I teach a class of students with Developmental Disabilities which has made distance learning difficult since they have a limited ability to read or write and incredibly complex learning needs. It has taken a large amount of creativity and unconventional ideas to attempt to meet their needs. I ended up doing a mixture of weekly assignments, online platforms, postal mail and live synchronous learning to try to reach out to every one of my students.

(Just a note about synchronous learning… I used my professional judgement that live synchronous learning would meet the needs of my particular students because of their learning profile and emotional needs. However, live synchronous learning comes with a lot of challenges and pitfalls. I have been very cautious in introducing it to my students and have had at least one TA join me for every session. My team gathered online and spoke at length about parameters and rules for synchronous learning before we started and I have worked with parents to ensure that professional boundaries are maintained. I know that the teachers of Ontario will make the right decision about what kind of synchronous learning will best meet the needs of their students using their professional judgement.)

With four weeks left, I’m sure the energy level is starting to fade for many of our students. Keeping them engaged and excited about learning online is getting tougher and tougher every day. Today I want to share some ideas that I have come up with over the last nine weeks in the hopes that one idea can give you something for your students to do over the next four weeks to keep them going. These are ideas to do with your students if you are meeting with them on Google Meet, Teams or another form of teleconferencing service.

For my students with special needs, the goal for all of these activities was to have students actively engaged in communication with me and their classmates. The activities also focused on social skills such as taking turns, working with others and having patience.

  • Who is it? I took pictures I had of my students and zoomed in on one part of the picture such as an eyeball or running shoe. It became a guessing game of who they thought the picture was of. This game allowed my students to express how much they missed their friends and to celebrate their awesome classmates.
  • Charades The students and staff all took turns pantomiming an animal. The other students had to guess what the animal was. For my students muting and unmuting their mics has been very difficult, therefore, I encouraged my students to take turn guessing.
  • Find Something in Your House On plain pieces of paper, I wrote the colours blue, pink, black, red, green and purple. I showed them to the students one sheet at a time. When the students saw the colour, they had to go and run and find something from their home that was that colour and bring it back and explain what they have found.

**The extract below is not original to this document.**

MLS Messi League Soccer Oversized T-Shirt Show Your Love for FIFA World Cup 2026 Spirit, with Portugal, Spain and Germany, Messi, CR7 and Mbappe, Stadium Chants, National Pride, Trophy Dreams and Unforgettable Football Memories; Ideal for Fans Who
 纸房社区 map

This is by far their favourite distance learning activity!
  • Freeze Dance I used my Bluetooth speaker to play music and we grooved and moved to some of our favourite songs. I stopped the music every once in a while, to allow the students to pose in their favourite dance move.
  • Pictionary The staff in my classroom all took turns drawing a picture for the students to guess. My students are amazing guessers at my less than perfect drawings. We work on taking turns and celebrating our friends when they get the right answer through this activity.
  • Show and Tell about your pet or stuffed pet My class and I are real animal lovers and we have had many, many conversations about our pets during this time at home. I can tell you so many things about Roxy, Sugar, Herc, Rona, Coco, Fenway and Pepples. It has been a great Segway for many of students to talk about their feelings when we talk about our pet’s feelings daily.
  • Making a Bird Feeder My students and I got the materials together for a very simple bird feeder and made them together as we chatted online. We each hung it up in our backyard and watched for visiting birds.
  • Art show and tell My students have done countless art projects from chalk drawings outside and poster boards for their friends’ birthdays. We often have a sharing time to show their art and discuss their pictures.
  • Exercise Time I lead a half hour exercise time for my students. We all bring our water and get our sweat on.
  • Lego building show and share I invite my students to build anything out of lego and tell us the story of what they have built.
  • Nature share My students have been noticing things that they have seen on family walks such as ducks, a bald eagle and a beaver. No alligators yet, but you never know in the last four weeks.

 

Thank you, thank you, thank you for going above and beyond to help your students through a profoundly difficult time. I have never been prouder to call myself an Ontario teacher. You are truly amazing!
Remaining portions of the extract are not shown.